- Ankylosing spondylitis and Psoriatic arthritis are forms of arthritis that affects the spinal cord, skin and joints respectively.
- Statin drugs are used to lower the lipids and reduce inflammation in ankylosing spondylitis and psoriatic arthritis patients.
- Initiating statin drugs in ankylosing spondylitis and psoriatic arthritis were found to lower mortality rate by 33%.
Use of Statins by patients with ankylosing spondylitis or psoriatic arthritis were found to have a low mortality risk by 33%, finds a study from Massachusetts General Hospital, Boston.
The research findings was presented at the American College of Rheumatology Annual Scientific Meeting in Washington this week.
‘Statin therapy reduces mortality rate by 33% in ankylosing spondylitis and psoriatic arthritis patients.’
Statin drugs are usually prescribed to lower the lipids and reduce inflammation in patients with ankylosing spondylitis and psoriatic arthritis patients.

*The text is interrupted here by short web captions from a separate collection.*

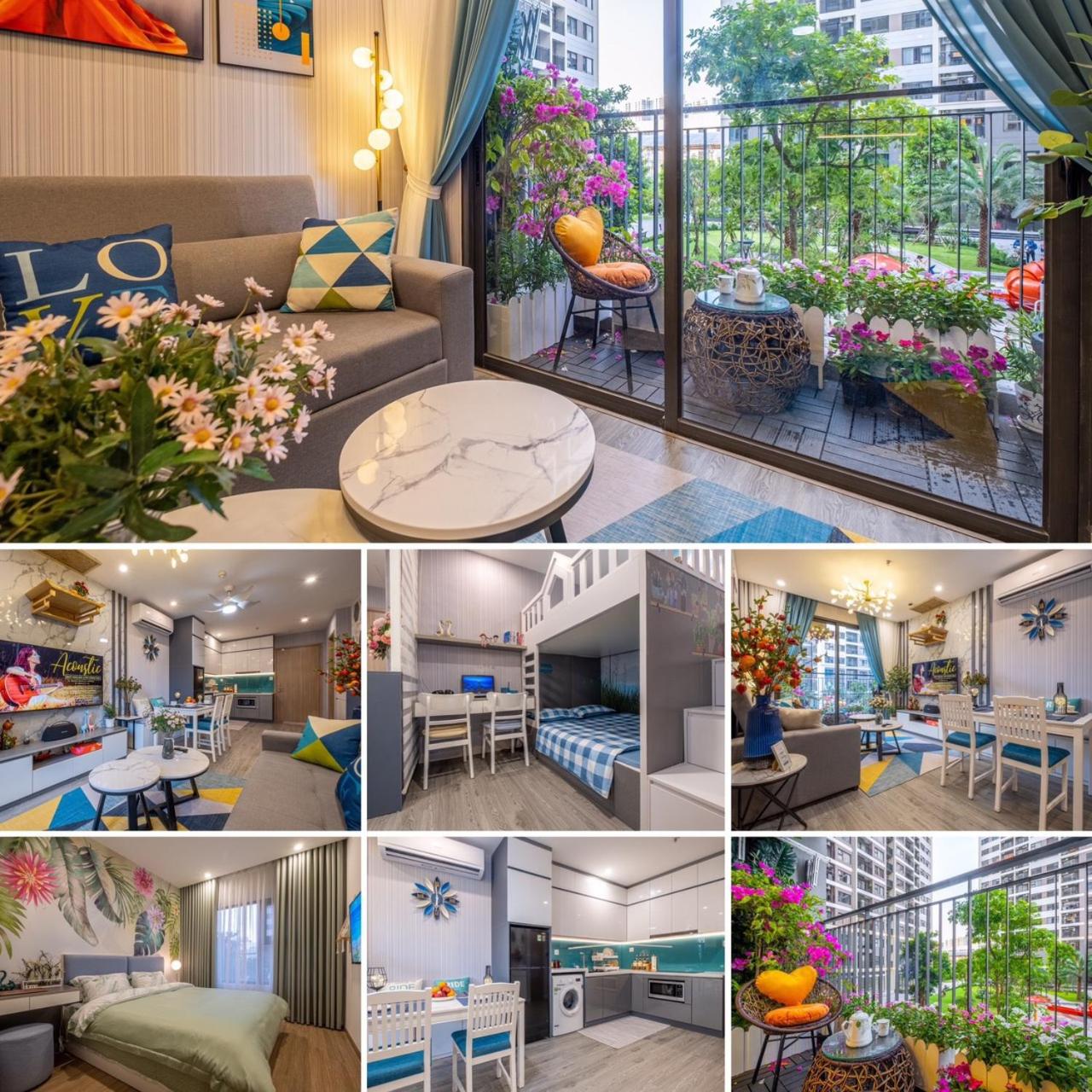YoLo homestay Hệ thống căn hộ nghỉ dưỡng biển hồ vinhomes ocean park studio, 1 ngủ, 2 ngủ, 3 ngủ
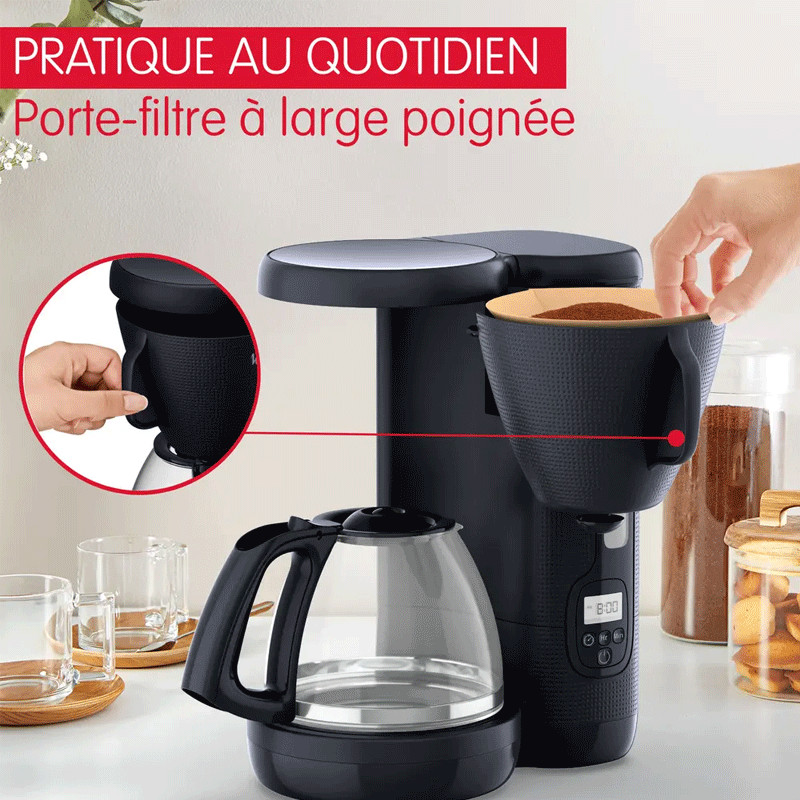 Cafetière Electrique Moulinex FG2M2810 1000W 1.25L Bleu Nuit en Tunisie
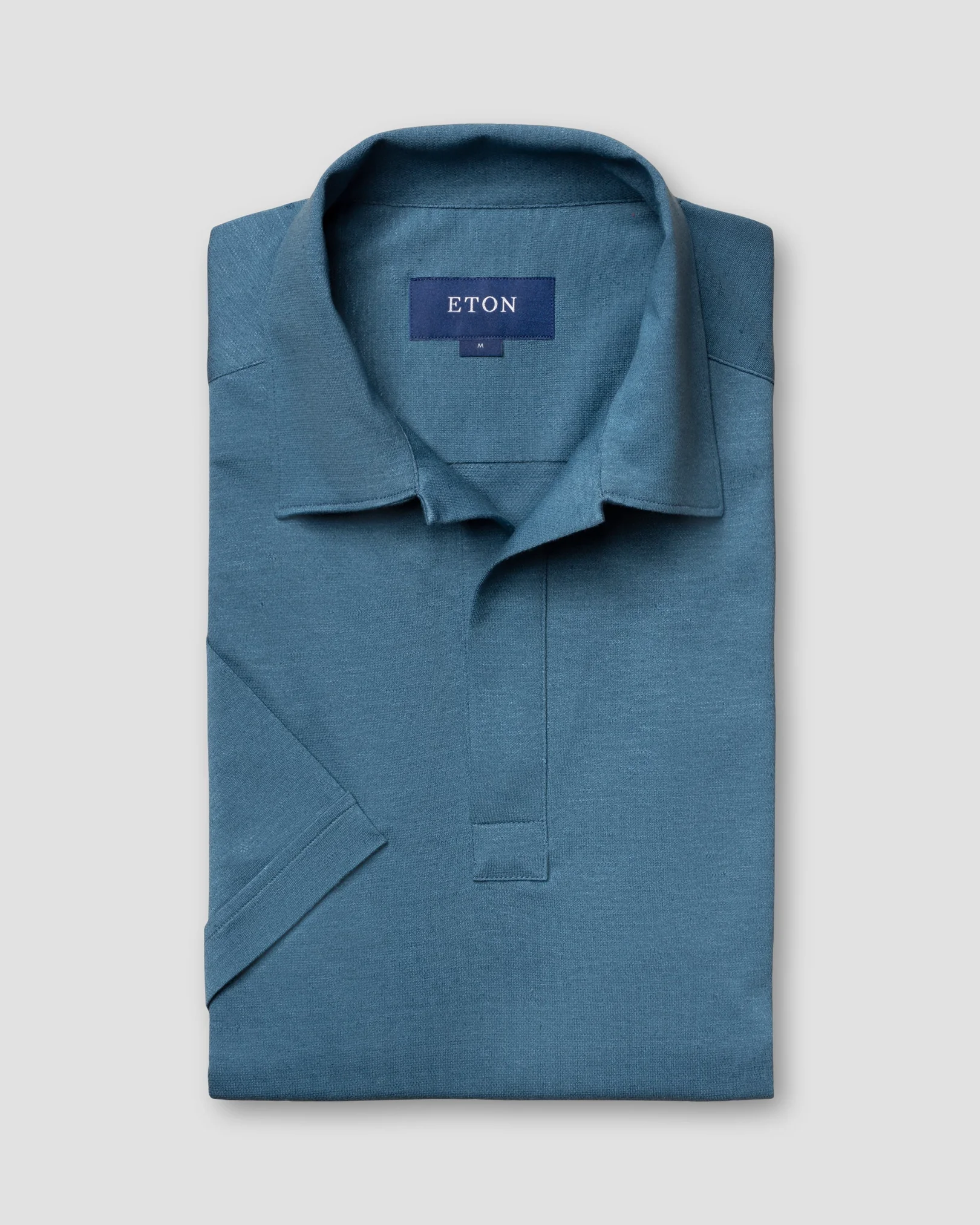 Eton - blue polo shirt open collar short sleeved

Ankylosing spondylitis is a form of arthritis which affects the spine and causes inflammation of the spinal joints. It is more likely to affect men with HLA antigen and who lack rheumatoid factor.
Psoriatic arthritis is form of arthritis which usually occurs after psoriasis and may damage the joints. Psoriasis is a chronic skin condition which results in red patches of the skin.
A research team from the Massachusetts General Hospital, Boston has recently found the benefits of statins in reducing the mortality rate of patients with ankylosing spondylitis or psoriatic arhritis.
Amar Oza, MD, a rheumatologist at Massachusetts General Hospital along with his team said, "The expanding literature on the dual-role of statins to lower both inflammation and cholesterol levels has naturally led to interest in the role of statins in inflammatory arthritis."
"A randomized trial found such a dual benefit among patients with rheumatoid arthritis (RA), and a population-based study of patients with RA found a survival benefit associated with statin use as well. As such, we hoped to quantify the potential impact of statins in the seronegative spondyloarthropathies, as the risk of all-cause mortality and even cardiovascular-specific mortality has shown to be elevated in these conditions."
The research study was conducted on the population database of patients with ankylosing spondylitis or psoriatic arthritis between 2001 to 2014. Fifty different variables including disease duration, socioeconomic status, body-mass index, lifestyle articles and medication use were studied.
Out of 2904 patients with ankylosing spondylitis or psoriatic arthritis who started statins, 271 patients died during a follow up with a mean of 5.3 years. And in patients who did not take statins 376 people died during a follow up in a mean of 5.15 years.
Dr. Oza said, "Given the increased risk of mortality and cardiovascular disease compared to the general population, patients with seronegative spondyloarthropathies like Ankylosing Spondylitis and Psoriatic Arthritis may benefit from the dual anti-inflammatory and lipid-lowering properties of statins, perhaps even more than in the general population."
"This observational study raises the possibility that clinicians may have a lower threshold for starting their patients on statins to mitigate this mortality risk. To that effect, it sets the groundwork for potential clinical trials to come, which will provide high-level evidence about the impact statins have on their health."
The author concludes that further research is required to study the potential benefits of statin therapy to reduce mortality and other cardiovascular causes.